Home > Realm of Ash (The Books of Ambha #2)(52)

Realm of Ash (The Books of Ambha #2)(52)
Author: Tasha Suri

“When you indulge in slavery and cannibalism, I’ll rethink my assessment. Evidence, my lord. You know the value of it.”

“Experience of thought and feeling is evidence in its own right.”

“Do you want me to provide you forgiveness for your thoughts? Because I will not. You will need to make peace with your own heart, Lord Zahir. It’s no business of mine.”
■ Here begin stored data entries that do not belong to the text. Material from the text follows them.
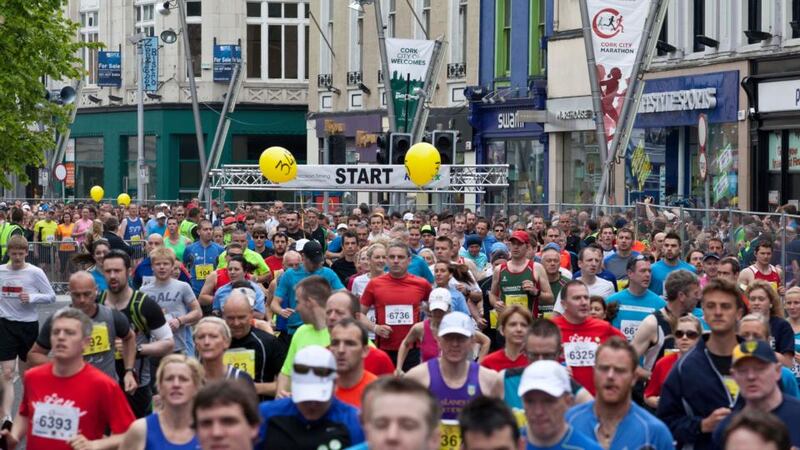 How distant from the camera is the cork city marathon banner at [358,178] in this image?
93.8 feet

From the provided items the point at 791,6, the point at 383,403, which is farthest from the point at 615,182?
the point at 383,403

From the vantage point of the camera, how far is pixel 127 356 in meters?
11.1

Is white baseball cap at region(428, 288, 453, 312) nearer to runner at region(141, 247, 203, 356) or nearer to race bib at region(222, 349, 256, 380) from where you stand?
race bib at region(222, 349, 256, 380)

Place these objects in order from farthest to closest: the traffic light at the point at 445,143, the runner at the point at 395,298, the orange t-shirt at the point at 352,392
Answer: the traffic light at the point at 445,143
the runner at the point at 395,298
the orange t-shirt at the point at 352,392

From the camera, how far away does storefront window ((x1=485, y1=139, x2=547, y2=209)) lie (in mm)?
42156

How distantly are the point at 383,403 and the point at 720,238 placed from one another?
47.3ft

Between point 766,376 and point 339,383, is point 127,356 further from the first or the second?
point 766,376

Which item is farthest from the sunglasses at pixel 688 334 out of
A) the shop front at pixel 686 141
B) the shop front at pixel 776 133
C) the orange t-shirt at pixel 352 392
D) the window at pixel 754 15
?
the window at pixel 754 15

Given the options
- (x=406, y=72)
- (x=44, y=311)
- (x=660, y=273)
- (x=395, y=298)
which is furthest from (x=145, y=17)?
(x=395, y=298)

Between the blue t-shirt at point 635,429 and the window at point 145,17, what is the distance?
57.1m

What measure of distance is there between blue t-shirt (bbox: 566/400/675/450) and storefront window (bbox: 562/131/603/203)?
3149cm

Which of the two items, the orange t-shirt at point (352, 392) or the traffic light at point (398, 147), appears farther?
the traffic light at point (398, 147)

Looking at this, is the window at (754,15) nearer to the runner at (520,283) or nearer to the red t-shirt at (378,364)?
the runner at (520,283)

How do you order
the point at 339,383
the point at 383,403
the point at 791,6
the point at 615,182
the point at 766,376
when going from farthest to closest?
the point at 615,182 < the point at 791,6 < the point at 339,383 < the point at 766,376 < the point at 383,403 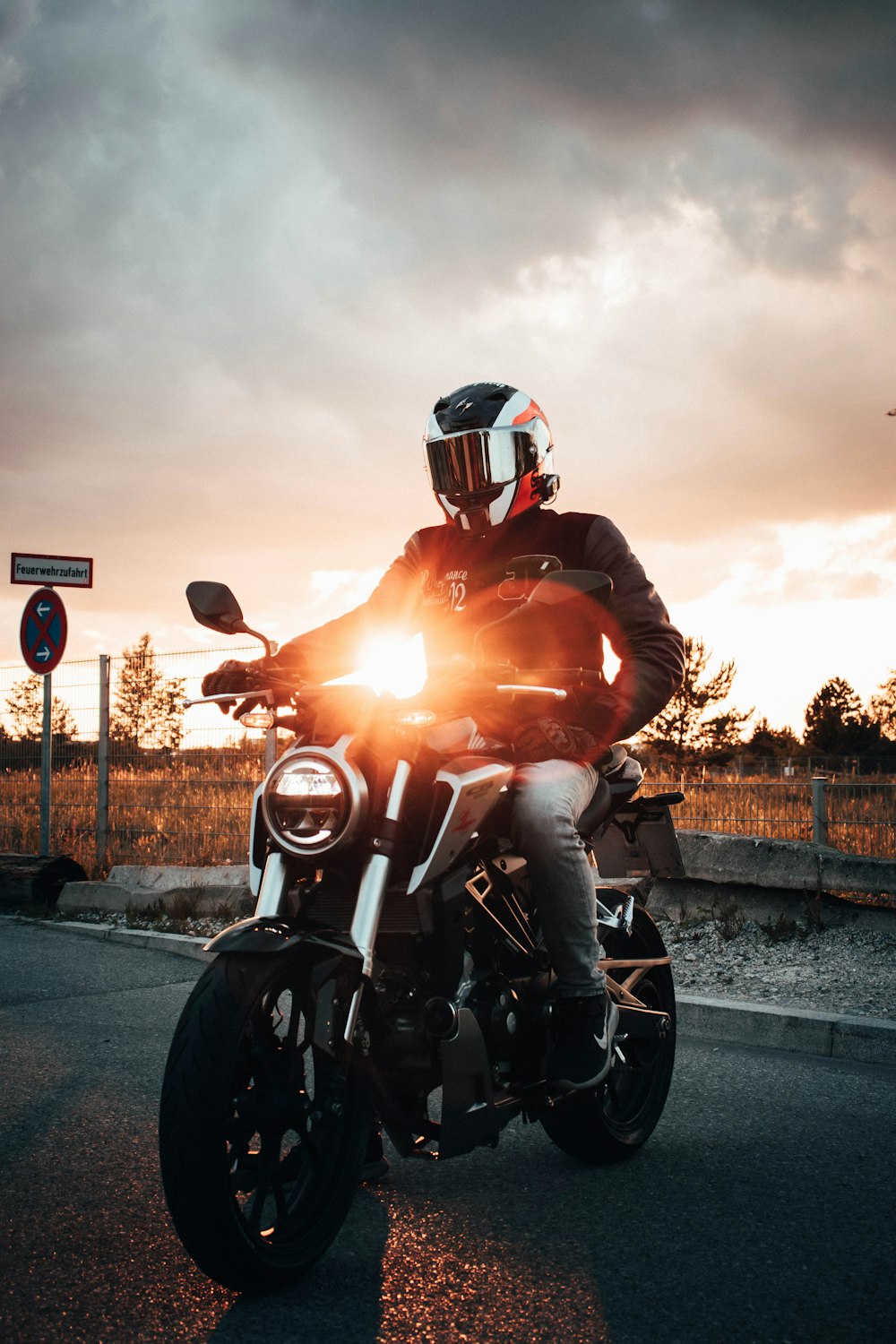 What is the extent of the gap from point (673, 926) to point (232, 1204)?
6.28 m

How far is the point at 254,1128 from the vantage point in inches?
107

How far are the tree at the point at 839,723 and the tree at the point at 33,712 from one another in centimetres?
7048

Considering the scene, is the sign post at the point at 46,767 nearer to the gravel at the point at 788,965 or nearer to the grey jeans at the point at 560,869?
the gravel at the point at 788,965

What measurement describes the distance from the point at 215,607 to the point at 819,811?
8114 millimetres

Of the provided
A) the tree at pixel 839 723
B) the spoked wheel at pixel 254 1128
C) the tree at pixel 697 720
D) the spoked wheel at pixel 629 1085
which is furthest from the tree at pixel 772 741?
the spoked wheel at pixel 254 1128

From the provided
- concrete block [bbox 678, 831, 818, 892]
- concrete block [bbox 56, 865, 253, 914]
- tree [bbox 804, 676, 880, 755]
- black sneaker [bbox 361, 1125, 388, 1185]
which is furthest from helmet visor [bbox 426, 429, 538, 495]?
tree [bbox 804, 676, 880, 755]

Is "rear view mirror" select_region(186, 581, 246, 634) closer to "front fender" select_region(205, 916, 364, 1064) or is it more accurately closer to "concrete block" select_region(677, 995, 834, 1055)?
"front fender" select_region(205, 916, 364, 1064)

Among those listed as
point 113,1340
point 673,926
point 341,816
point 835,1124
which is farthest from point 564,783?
point 673,926

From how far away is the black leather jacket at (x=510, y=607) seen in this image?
3699mm

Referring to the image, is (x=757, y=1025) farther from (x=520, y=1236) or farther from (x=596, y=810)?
(x=520, y=1236)

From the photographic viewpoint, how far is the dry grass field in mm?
10320

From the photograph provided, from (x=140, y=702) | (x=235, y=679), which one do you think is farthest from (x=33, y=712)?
(x=235, y=679)

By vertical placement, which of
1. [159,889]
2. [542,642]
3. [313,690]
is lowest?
[159,889]

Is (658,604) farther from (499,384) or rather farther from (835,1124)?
(835,1124) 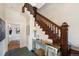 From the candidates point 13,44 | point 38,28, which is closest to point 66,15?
point 38,28

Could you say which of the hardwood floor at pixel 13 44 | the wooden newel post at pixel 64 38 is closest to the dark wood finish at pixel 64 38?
the wooden newel post at pixel 64 38

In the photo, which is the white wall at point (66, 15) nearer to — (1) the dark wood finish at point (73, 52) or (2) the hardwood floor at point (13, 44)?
(1) the dark wood finish at point (73, 52)

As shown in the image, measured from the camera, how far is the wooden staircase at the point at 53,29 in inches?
59.2

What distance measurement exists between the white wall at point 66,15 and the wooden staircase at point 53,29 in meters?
0.04

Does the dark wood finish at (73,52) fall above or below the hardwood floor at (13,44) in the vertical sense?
below

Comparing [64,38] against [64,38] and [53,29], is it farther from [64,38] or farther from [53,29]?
[53,29]

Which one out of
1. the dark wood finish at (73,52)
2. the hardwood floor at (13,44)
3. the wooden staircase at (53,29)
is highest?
the wooden staircase at (53,29)

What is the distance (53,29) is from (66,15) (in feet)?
0.71

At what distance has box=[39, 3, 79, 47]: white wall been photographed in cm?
149

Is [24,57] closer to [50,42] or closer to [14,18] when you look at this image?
[50,42]

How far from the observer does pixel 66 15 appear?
1.53m

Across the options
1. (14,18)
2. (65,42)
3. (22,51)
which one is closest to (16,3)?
(14,18)

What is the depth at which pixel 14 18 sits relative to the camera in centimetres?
155

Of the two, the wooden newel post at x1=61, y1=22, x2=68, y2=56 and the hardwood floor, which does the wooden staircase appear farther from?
the hardwood floor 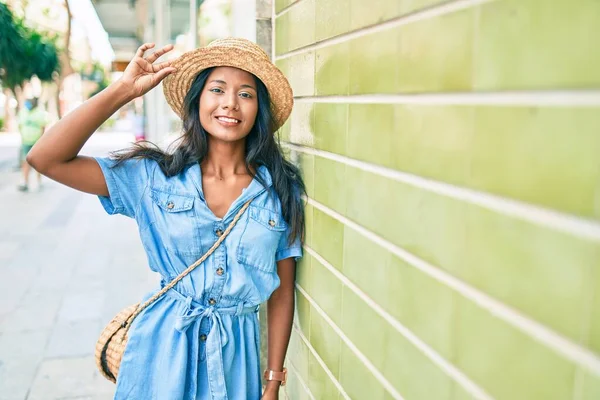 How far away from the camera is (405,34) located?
114 cm

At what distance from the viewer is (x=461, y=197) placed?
0.97 m

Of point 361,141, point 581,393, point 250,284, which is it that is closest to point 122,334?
point 250,284

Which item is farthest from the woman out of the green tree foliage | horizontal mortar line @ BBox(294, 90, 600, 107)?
the green tree foliage

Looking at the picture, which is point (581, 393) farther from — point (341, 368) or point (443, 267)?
point (341, 368)

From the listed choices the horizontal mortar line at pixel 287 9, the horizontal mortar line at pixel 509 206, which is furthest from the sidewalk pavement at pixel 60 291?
the horizontal mortar line at pixel 509 206

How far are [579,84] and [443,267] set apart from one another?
1.45 ft

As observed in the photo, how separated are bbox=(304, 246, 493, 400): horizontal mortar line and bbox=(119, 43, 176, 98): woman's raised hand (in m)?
0.93

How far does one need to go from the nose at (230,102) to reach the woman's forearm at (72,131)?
1.10 feet

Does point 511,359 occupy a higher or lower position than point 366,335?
higher

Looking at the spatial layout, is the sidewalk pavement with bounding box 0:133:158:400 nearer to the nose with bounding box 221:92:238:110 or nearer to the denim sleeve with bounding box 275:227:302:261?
the denim sleeve with bounding box 275:227:302:261

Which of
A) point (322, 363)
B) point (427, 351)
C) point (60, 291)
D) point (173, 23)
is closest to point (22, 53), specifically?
point (173, 23)

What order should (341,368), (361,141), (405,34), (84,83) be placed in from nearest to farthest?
(405,34), (361,141), (341,368), (84,83)

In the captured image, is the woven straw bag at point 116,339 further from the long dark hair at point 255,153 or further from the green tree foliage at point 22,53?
the green tree foliage at point 22,53

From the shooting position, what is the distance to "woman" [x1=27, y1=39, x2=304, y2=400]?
186cm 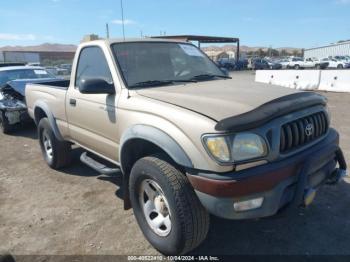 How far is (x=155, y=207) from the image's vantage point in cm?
304

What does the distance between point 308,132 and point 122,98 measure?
1.79 metres

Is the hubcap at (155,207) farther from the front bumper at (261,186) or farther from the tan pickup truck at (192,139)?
the front bumper at (261,186)

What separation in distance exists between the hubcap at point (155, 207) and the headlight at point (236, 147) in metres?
0.70

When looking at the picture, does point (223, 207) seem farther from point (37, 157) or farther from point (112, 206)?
point (37, 157)

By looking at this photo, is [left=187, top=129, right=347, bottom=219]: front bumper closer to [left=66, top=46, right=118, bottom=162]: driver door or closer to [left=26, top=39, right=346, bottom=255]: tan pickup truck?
[left=26, top=39, right=346, bottom=255]: tan pickup truck

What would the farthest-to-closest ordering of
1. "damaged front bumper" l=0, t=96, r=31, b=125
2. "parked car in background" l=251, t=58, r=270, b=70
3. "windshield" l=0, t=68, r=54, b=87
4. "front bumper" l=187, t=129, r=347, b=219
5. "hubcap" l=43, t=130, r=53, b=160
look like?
"parked car in background" l=251, t=58, r=270, b=70 → "windshield" l=0, t=68, r=54, b=87 → "damaged front bumper" l=0, t=96, r=31, b=125 → "hubcap" l=43, t=130, r=53, b=160 → "front bumper" l=187, t=129, r=347, b=219

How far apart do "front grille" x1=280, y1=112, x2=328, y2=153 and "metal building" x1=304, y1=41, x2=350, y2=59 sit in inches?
2709

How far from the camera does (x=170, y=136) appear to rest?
2.65 meters

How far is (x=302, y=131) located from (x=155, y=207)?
147cm

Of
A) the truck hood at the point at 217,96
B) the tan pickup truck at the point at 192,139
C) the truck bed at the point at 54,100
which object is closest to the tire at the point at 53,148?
the truck bed at the point at 54,100

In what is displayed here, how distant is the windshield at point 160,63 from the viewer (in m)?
3.57

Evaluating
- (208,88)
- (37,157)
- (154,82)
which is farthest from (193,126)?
(37,157)

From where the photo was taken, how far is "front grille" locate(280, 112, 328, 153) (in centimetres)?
261

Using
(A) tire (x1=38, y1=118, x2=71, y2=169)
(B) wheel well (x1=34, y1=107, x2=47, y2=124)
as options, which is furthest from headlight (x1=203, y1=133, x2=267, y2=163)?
(B) wheel well (x1=34, y1=107, x2=47, y2=124) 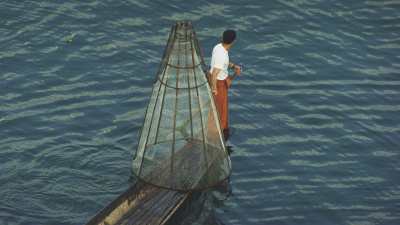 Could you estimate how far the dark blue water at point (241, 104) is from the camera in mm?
16328

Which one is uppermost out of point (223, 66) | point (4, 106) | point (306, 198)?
point (223, 66)

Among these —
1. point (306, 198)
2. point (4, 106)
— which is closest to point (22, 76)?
point (4, 106)

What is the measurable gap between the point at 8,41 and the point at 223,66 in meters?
8.97

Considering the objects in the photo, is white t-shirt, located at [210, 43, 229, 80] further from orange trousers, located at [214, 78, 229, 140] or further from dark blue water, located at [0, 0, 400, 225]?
dark blue water, located at [0, 0, 400, 225]

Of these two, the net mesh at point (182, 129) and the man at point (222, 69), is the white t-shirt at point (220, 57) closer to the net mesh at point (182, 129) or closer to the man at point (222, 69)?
the man at point (222, 69)

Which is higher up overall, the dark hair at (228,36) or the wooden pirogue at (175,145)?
the dark hair at (228,36)

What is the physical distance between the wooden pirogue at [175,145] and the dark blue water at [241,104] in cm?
97

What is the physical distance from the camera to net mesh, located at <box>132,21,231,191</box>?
14914mm

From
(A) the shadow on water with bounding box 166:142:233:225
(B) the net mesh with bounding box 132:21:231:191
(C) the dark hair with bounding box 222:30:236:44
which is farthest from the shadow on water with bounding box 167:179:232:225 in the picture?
(C) the dark hair with bounding box 222:30:236:44

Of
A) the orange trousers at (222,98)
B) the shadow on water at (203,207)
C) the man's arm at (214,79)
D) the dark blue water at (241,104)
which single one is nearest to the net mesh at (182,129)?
the shadow on water at (203,207)

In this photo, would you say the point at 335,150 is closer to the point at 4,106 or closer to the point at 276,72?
the point at 276,72

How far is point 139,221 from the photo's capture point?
47.4 feet

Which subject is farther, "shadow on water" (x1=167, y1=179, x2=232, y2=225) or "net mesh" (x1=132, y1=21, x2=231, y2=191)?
"shadow on water" (x1=167, y1=179, x2=232, y2=225)

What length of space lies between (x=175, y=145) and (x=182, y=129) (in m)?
0.60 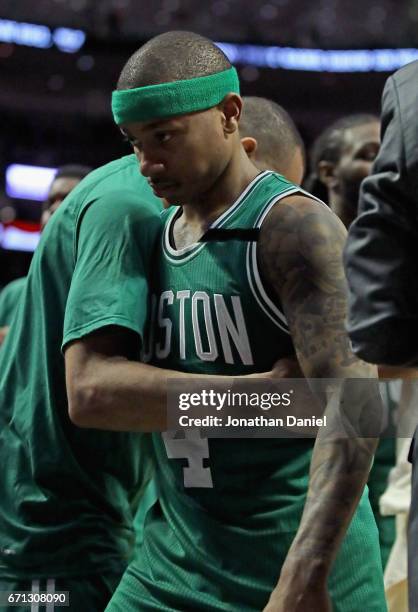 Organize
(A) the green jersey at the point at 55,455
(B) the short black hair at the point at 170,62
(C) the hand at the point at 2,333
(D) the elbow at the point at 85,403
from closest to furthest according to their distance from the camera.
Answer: (D) the elbow at the point at 85,403, (B) the short black hair at the point at 170,62, (A) the green jersey at the point at 55,455, (C) the hand at the point at 2,333

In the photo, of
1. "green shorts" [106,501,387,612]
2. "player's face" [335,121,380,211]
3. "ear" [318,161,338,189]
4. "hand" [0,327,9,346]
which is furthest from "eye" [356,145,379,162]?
"green shorts" [106,501,387,612]

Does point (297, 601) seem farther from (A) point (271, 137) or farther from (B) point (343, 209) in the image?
(B) point (343, 209)

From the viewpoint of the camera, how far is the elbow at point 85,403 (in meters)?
2.42

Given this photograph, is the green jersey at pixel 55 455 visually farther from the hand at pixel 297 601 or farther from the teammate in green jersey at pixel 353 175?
the teammate in green jersey at pixel 353 175

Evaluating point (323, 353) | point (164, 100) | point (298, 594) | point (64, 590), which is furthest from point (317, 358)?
point (64, 590)

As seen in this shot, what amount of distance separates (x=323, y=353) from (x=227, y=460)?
1.17 feet

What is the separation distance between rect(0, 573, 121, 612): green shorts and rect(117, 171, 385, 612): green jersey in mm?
410

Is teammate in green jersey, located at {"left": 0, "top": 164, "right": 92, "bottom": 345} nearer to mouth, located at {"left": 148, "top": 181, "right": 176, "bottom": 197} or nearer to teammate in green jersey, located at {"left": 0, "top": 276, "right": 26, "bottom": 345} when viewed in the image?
teammate in green jersey, located at {"left": 0, "top": 276, "right": 26, "bottom": 345}

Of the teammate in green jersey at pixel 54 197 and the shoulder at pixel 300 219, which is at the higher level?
the shoulder at pixel 300 219

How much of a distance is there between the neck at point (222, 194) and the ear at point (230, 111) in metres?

Arwa was no stranger to dark thoughts, to fury and viciousness and bloodlust. But his confession should nonetheless have made her flinch. But she could not. She had read books at his side, worn a shawl embroidered by his hands. He had taught her and studied with her and held her when she woke screaming, the dead in her skull. And more than that—more than all of it—he had treated her as an equal. Apprentice, he called her, but in the white-gray expanse of the realm of ash, he had wound his soul’s roots with her own, and in the world of nighttime and lantern light he had listened to her theories with the respect due to a fellow scholar.

Zahir inclined his head, a gesture of acknowledgment. Still, he looked troubled.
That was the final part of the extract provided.